Polymer Vision plans to launch Readius, an e-reader with a flexible screen weighing little more than a cell phone, in the middle of this year, it said Tuesday.
The long-awaited gadget will be a boon to those who now get their daily news fix by scanning the headlines on an e-reader -- but who miss the way they could roll up their old newspaper and tuck it in a pocket when they had finished reading.
The key feature of the Readius is its flexible screen, 5 inches across the diagonal, with a resolution of 320 by 240 pixels (QVGA) in 16 shades of gray.
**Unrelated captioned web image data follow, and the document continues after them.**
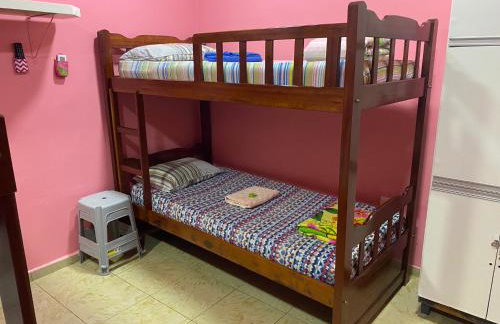 APART HOTEL MANAUS 20 Pessoas 6 Quartos - Photo 30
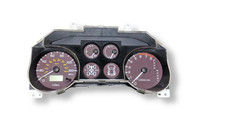 01-02 MITSUBISHI MONTERO GAUGE INSTRUMENT CLUSTER TACH SPEEDOMETER MR402592 picture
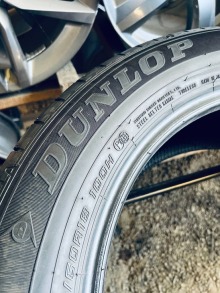225 60 18 Dunlop Grandtrek. Фото 8
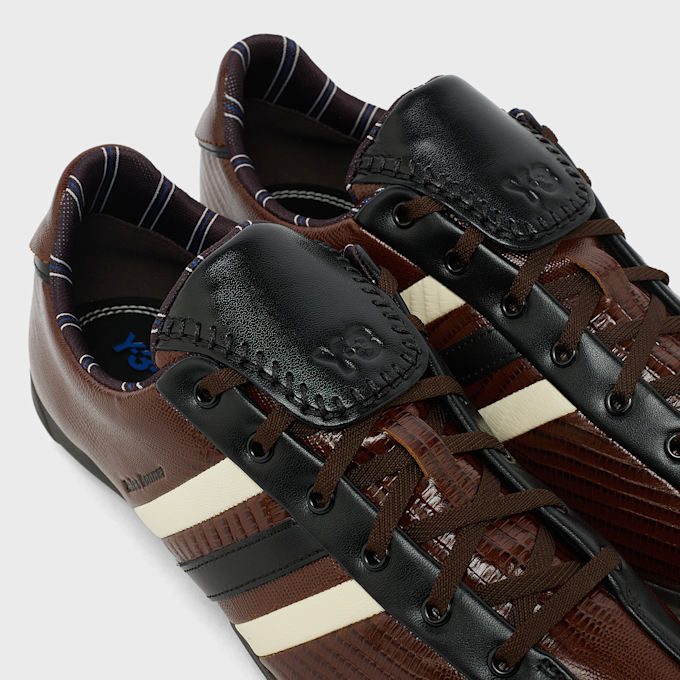 adidas Originals x Wales Bonner The Field Lizzard braun 96613 6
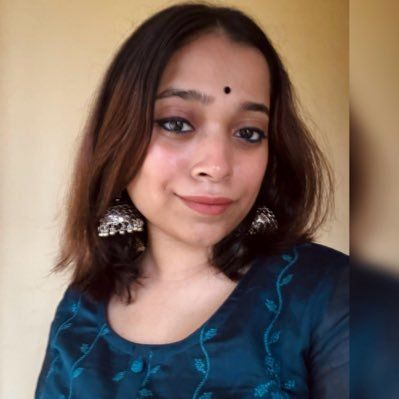 Oishani Bhattacharya's profile photo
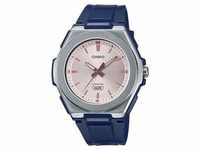 Casio Uhr Collection LWA-300H-2EVEF Damen Armbanduhr
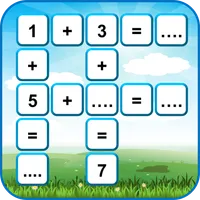 Math Crossword Puzzles icon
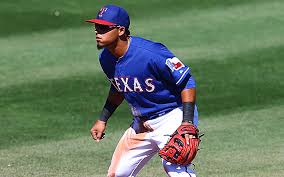 rougned odor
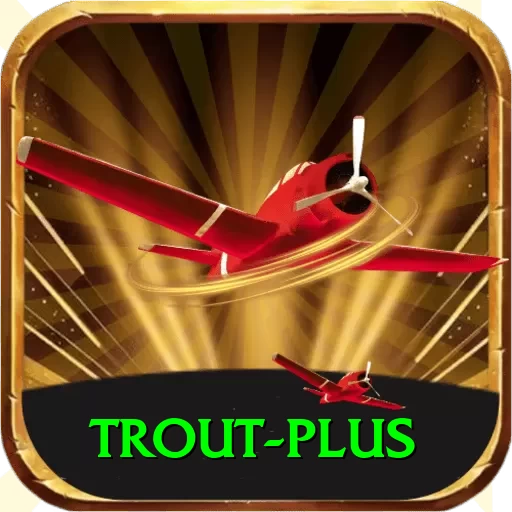 trout Turbo Jackpot - 2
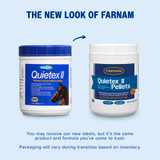 Quietex™ II Pellets - 1.625 lbs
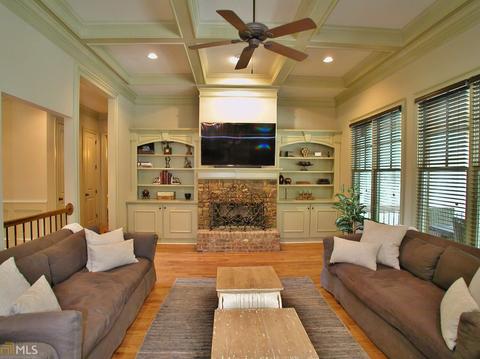 2963 Springbluff Ln, Buford, GA 30519 photo 7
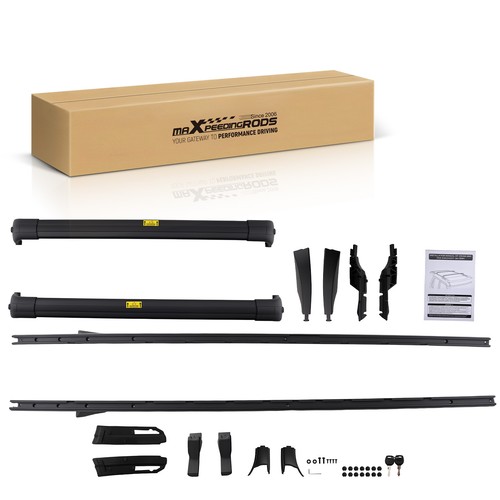 Car roof rack cross bar - car, for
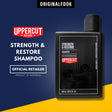 Uppercut Strength and Restore Shampoo UPPERCUT UPPERCUT - originalfook singapore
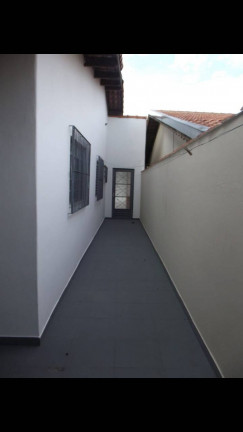 Imagem Casa com 3 Quartos à Venda, 150 m² em Centro - Boituva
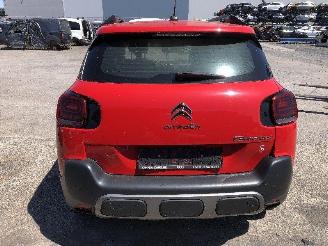 Citroën C3 Aircross 1.2 picture 5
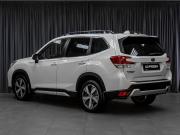 Subaru Forester V Тюмень  - изображение 33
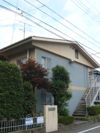 グリーンパーク田園5号の間取り画像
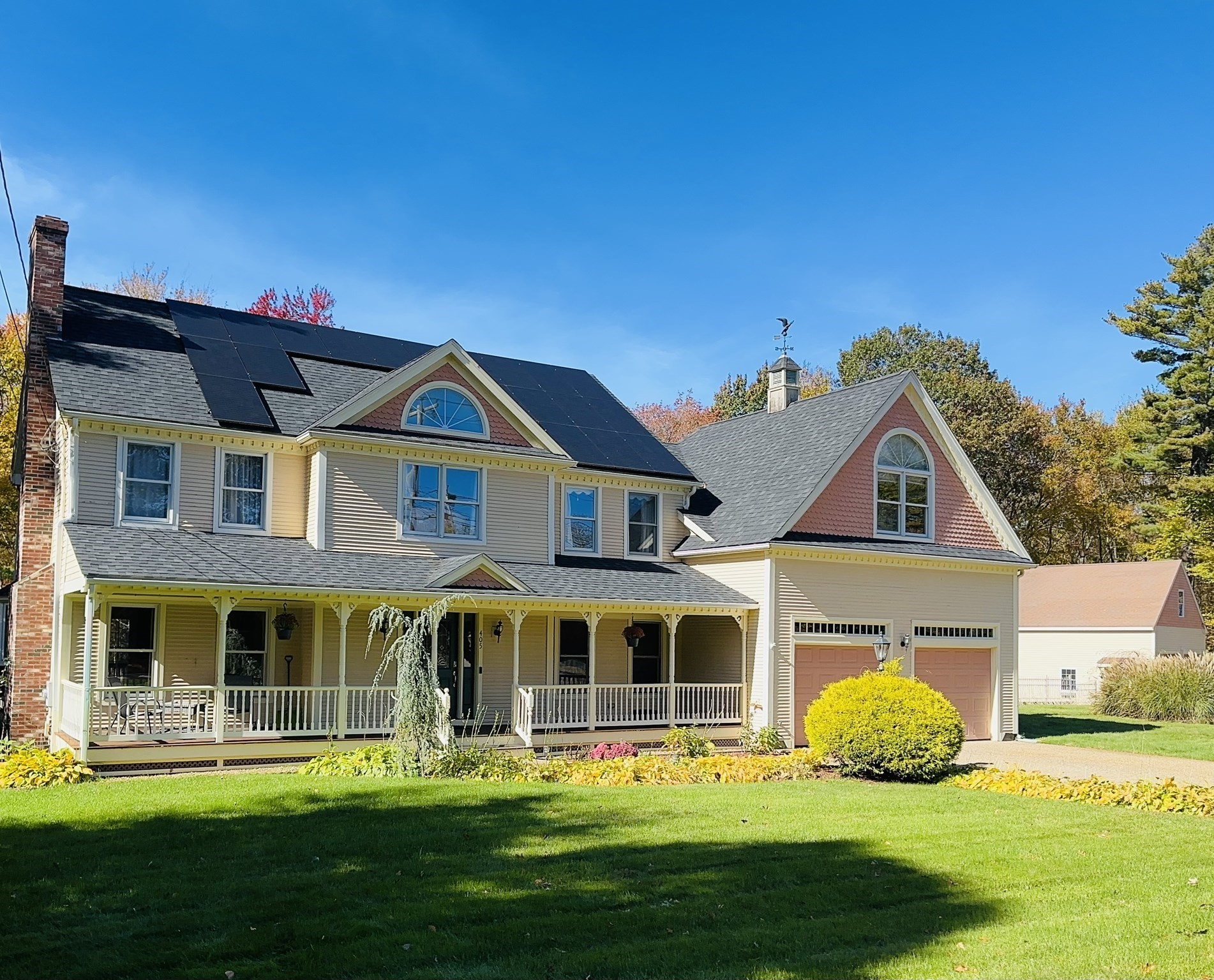 405 West St., Uxbridge, MA 01569 - Image 2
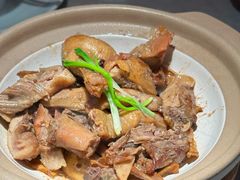 -闽上鲜·福建菜(龙湖滨江天街店)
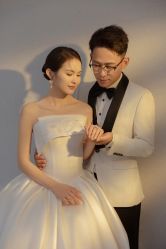 点击看大图 -苏州HX-合喜映画婚纱摄影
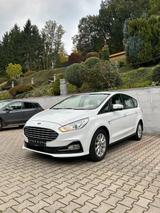 Ford S-Max Edition - Ford S-Max: Edition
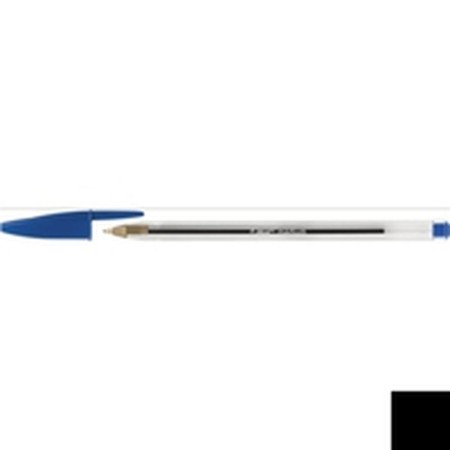 Crayon Bic 872730 Bleu (Reconditionné A+)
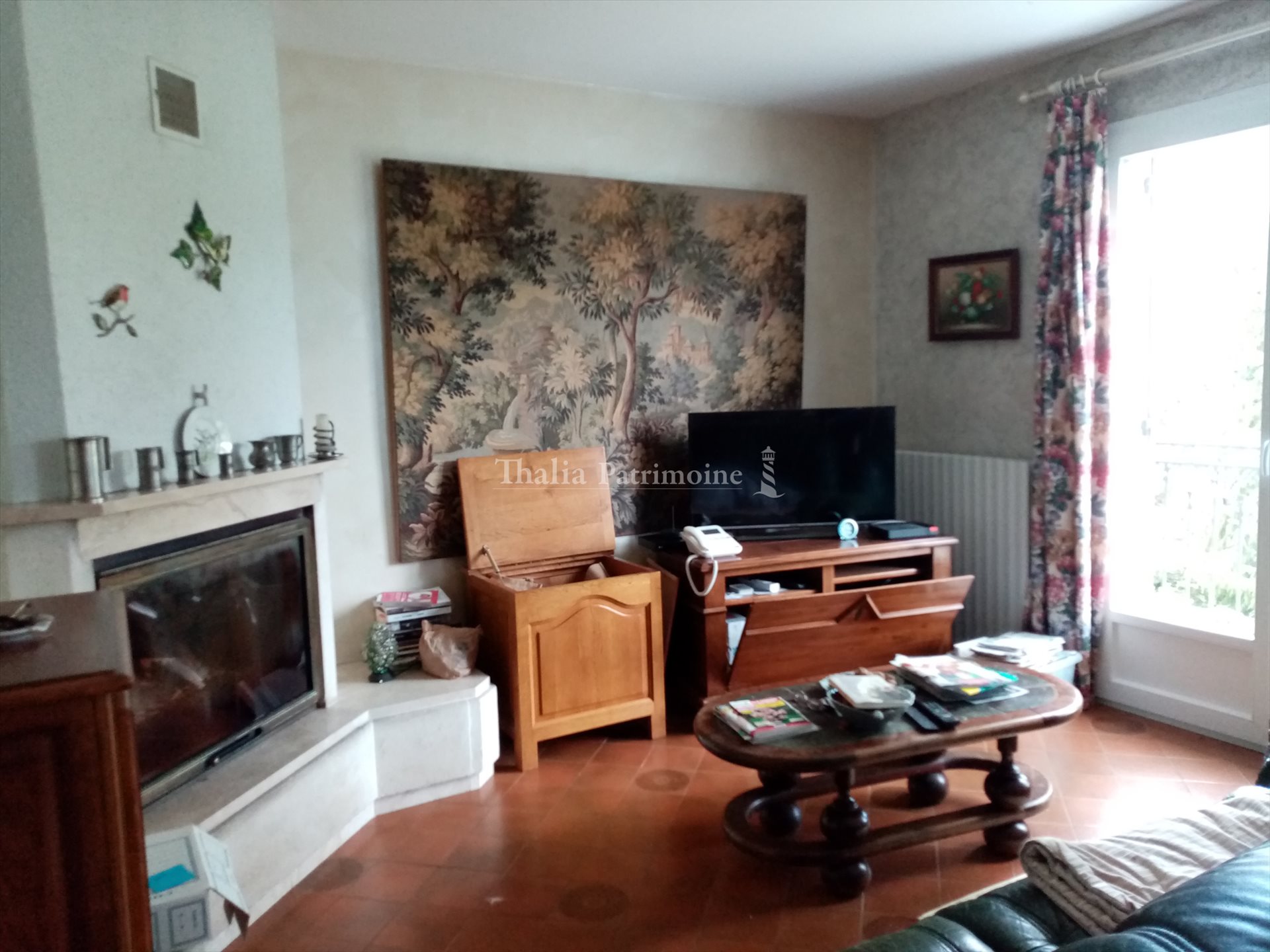 Maison à vendre, 135m², Mareuil en Périgord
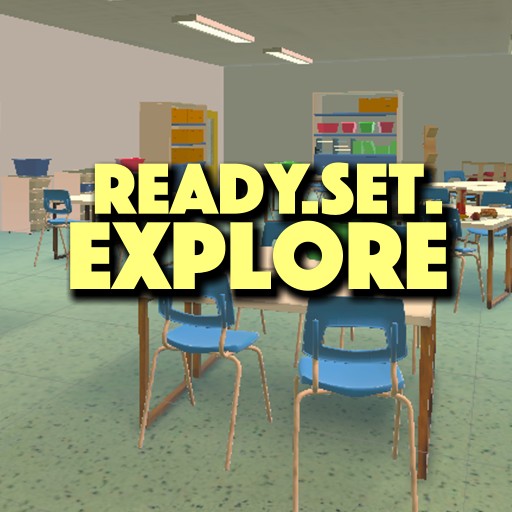 Ready.Set.Explore 게임 이미지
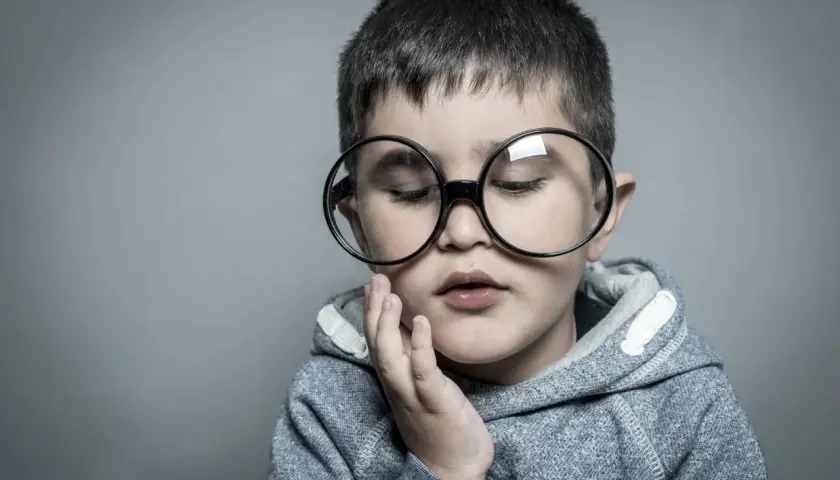 Zespół Aspergera: Choroba psychiczna czy zaburzenie neurorozwojowe?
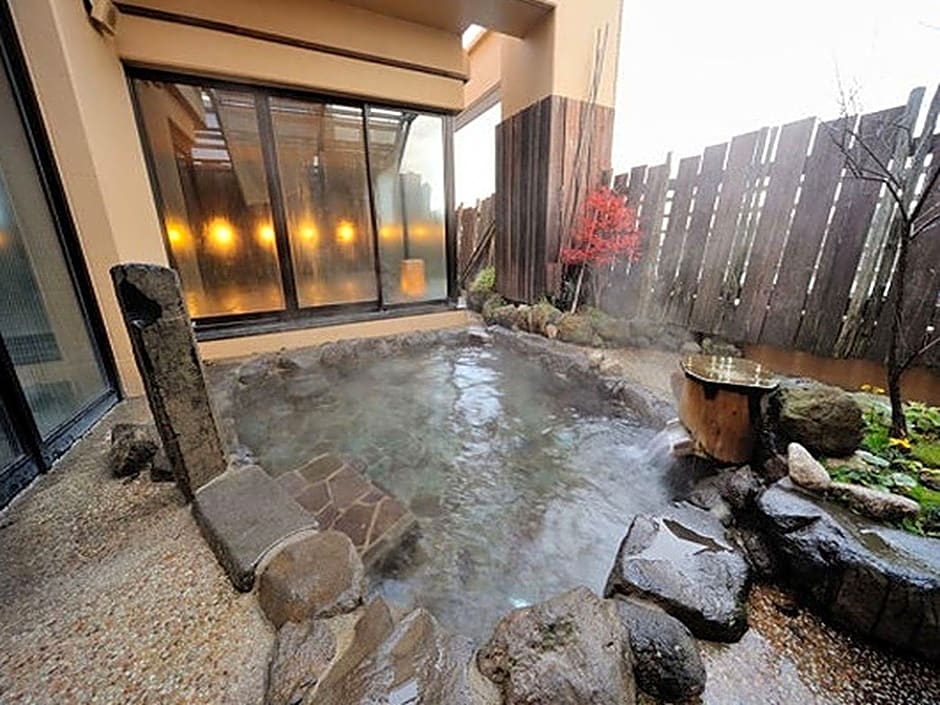 Dormy Inn Akita Natural Hot Spring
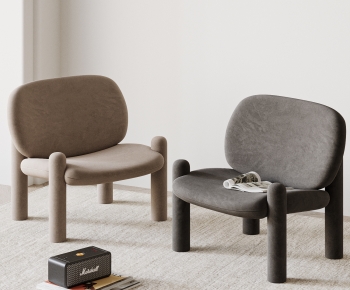 Modern Lounge Chair-ID:168668036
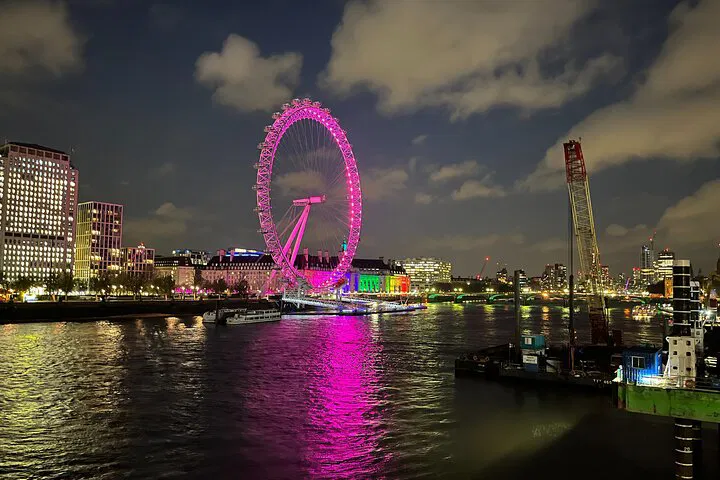 Uncover London's Quirky Past: An Alternative History Audio Adventure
It has mutated a little since Polymer Vision showed early prototypes of the wrap-around flexible screen a year ago: "The concept is the same, but we have added mobile phone functionality," said Thomas van der Zijden, vice president of sales and marketing.
The latest device, now ready for production, functions as a triband phone with a high-speed mobile wireless connection. Unlike Amazon.com's Kindle e-reader, which can only connect to U.S. wireless networks, the Readius will operate almost worldwide, as it works with the HSDPA (High Speed Downlink Packet Access) 3G (third-generation) service favored by European, Asian and some U.S. operators.
Although the device will function as a phone, dialing unfamiliar numbers will be awkward, as it has only eight buttons. That's not a problem, according to Van der Zijden, as mobile phone users make most calls to numbers already in their address book -- and the Readius can be synchronized with a PC through its USB 2.0 connection or Bluetooth 2.0 wireless interface.
In addition, the wireless connection can be used to download e-mail using the POP3 and IMAP4 protocols, or from Web-based services such as Yahoo mail, Google's Gmail or corporate servers using the Webmail function of Microsoft Exchange, according to Polymer Vision.
The Readius weighs 115 grams and measures 115 millimeters by 57 mm by 21 mm when closed. It has a slot for Micro-SDHC (Secure Digital High Capacity) memory cards up to 8G bytes in capacity. One battery charge will allow up to 30 hours of continuous reading, and for those with tired eyes the device will even play audio books -- and podcasts and MP3 music files, the company said.
Polymer Vision is seeking content providers willing to sell material through a dedicated Internet portal offering wireless downloads for the Readius, and is also looking for mobile networks and retail outlets to provide additional distribution channels.
Content will have to be adapted to the small screen resolution, but there are no obstacles to that: the platform is open and can display PDF, HTML and ASCII text files, said Van der Zijden. The devices run the Windows CE operating system with a custom user interface, and can use the OMA 1.0 DRM (digital rights management) to prevent copying of content. Polymer Vision may add other DRM systems depending on demand from content providers, he said.
The company expects to have the Readius available to partners by the end of the second quarter, so that they can sell it early in the third quarter.
One operator that expressed an early interest in the Readius is Italy's Telecom Italia. Polymer Vision is developing a special version for Italy that will include support for the DVB-H broadcast protocol, said Van der Zijden. While this is normally used to broadcast television signals, Telecom Italia plans to use it to deliver large quantities of data to a wide audience -- such as a daily newspaper that subscribers can then unlock.